E os especialistas não esperam um crescimento sustentável na Europa. O mercado local de automóveis é considerado estagnado.
Em agosto, os registros de carros novos na UE caíram 18% em comparação com o mesmo mês de 2023, enquanto na Alemanha a queda foi de quase 28%. A Associação Alemã da Indústria Automotiva (VDA) está prevendo apenas 2,8 milhões de novos registros para o ano como um todo, cerca de um quarto a menos do que no ano pré-crise de 2019.
Esse problema, portanto, não é só da VW. Em média, as fábricas das montadoras alemãs estão trabalhando com cerca de dois terços da capacidade, diz Bratzel. Segundo ele, uma fábrica deveria operar acima de 80% de sua capacidade para se manter viável.
A situação é particularmente ruim em países da Europa Ocidental, como Alemanha, França, Itália e Reino Unido, conforme relata a revista econômica Wirtschaftswoche. Em contrapartida, países como Espanha, Turquia, Eslováquia e República Tcheca ainda atingem uma taxa de utilização de capacidade de 79%. Os salários nesses países são mais baixos do que na Alemanha.

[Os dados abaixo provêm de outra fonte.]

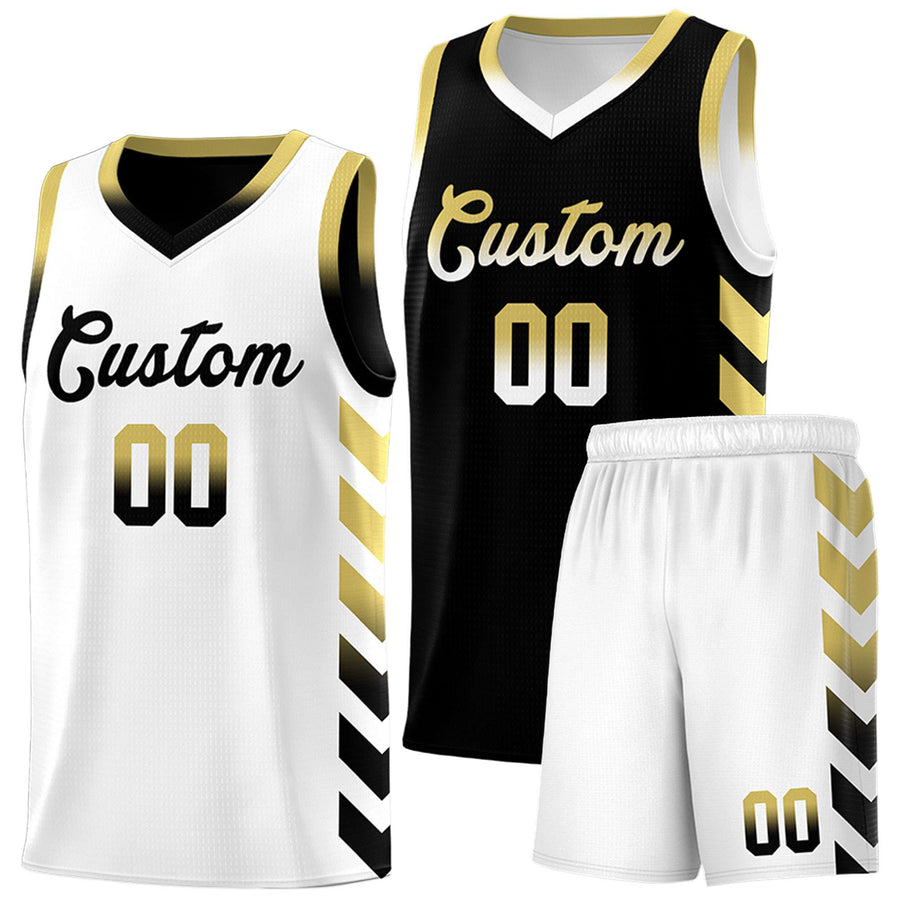 Custom White Black Reversible Basketball Jersey Kits - Side Arrow Old Gold Black Gradient | BuyFootballJersey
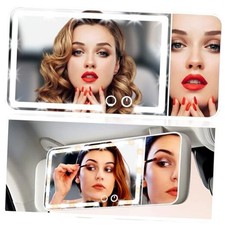 Led Car Sun Visor Vanity Mirror Upgraded Large Vanity Makeup Universal Rear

Elevados custos na Alemanha
E esse é outro grande problema, na opinião de muitos especialistas: os custos de produção são muito altos na Alemanha. "A Volkswagen paga salários acima da média, mas, ao contrário dos fabricantes premium, como BMW e Mercedes, opera no segmento popular", observa Wisbert.
Em geral, os custos de mão de obra nas fábricas de automóveis na Alemanha são mais altos do que em qualquer outro país. Em 2023, eles eram de mais de 62 euros por hora, de acordo com a associação do setor VDA. Em comparação, eram de 29 euros na Espanha, 21 euros na República Tcheca e apenas 12 euros na Romênia.
Apesar dos altos salários, em nenhum outro lugar da Europa foram produzidos mais carros em termos absolutos em 2023 do que na Alemanha – embora com uma tendência de queda. Para Wisbert, uma coisa é clara: "A Volkswagen não tem como evitar cortar custos se quiser se manter competitiva".
De acordo com Cavallo, a direção da VW está agora exigindo que todos os salários sejam cortados em 10%. A própria direção também deverá ser afetada. Além disso, não deverá haver aumentos salariais nos próximos dois anos.
Dianteira chinesa
Para as montadoras alemãs, ainda mais preocupante do que os altos custos de produção é a vantagem tecnológica dos seus concorrentes da China no mercado de veículos elétricos. Graças aos generosos subsídios estatais e a medidas regulatórias, eles fizeram grandes avanços tecnológicos nos principais componentes dos veículos elétricos, como as baterias, que agora podem ser produzidas de forma mais barata.
"A transição tecnológica abriu as portas para novos concorrentes cujos pontos fortes estão na engenharia elétrica e de baterias", diz um relatório do instituto econômico IW, de modo que "quase um terço de todos os carros produzidos no mundo agora vem de fábricas chinesas, onde os custos de produção são significativamente mais baixos".
Bratzel diz que os fabricantes chineses estão em uma posição melhor no mercado de carros elétricos porque "eles ganharam muito mais experiência e implementaram melhorias de eficiência".
Os avanços competitivos da China estão se refletindo nos números da produção de automóveis na Europa, que mostram um declínio geral de 40% desde o ano 2000, com a França e a Itália caindo cerca de 50%.
Carro elétrico popular na Alemanha?
Mas como uma produção com elevados custos foi possível na Alemanha? A receita para o sucesso eram modelos premium caros que geravam altas margens de lucro. Cerca de três quartos dos carros eram exportados. Em média, um em cada cinco carros exportados foi para a China.
De acordo com o estudo do IW, a produção na Alemanha não teria sido possível com modelos de baixo custo que são vendidos em grande número, mas têm margens menores. É por isso que os fabricantes franceses e italianos, por exemplo, já há algum tempo estão transferindo sua produção para locais de custos mais baratos.
Bratzel tem uma opinião semelhante: "É simplesmente extremamente difícil produzir veículos populares, incluindo veículos elétricos, na Alemanha." Recentemente, a empresa e.Go, de Aachen, tentou fazer isso e acabou falindo.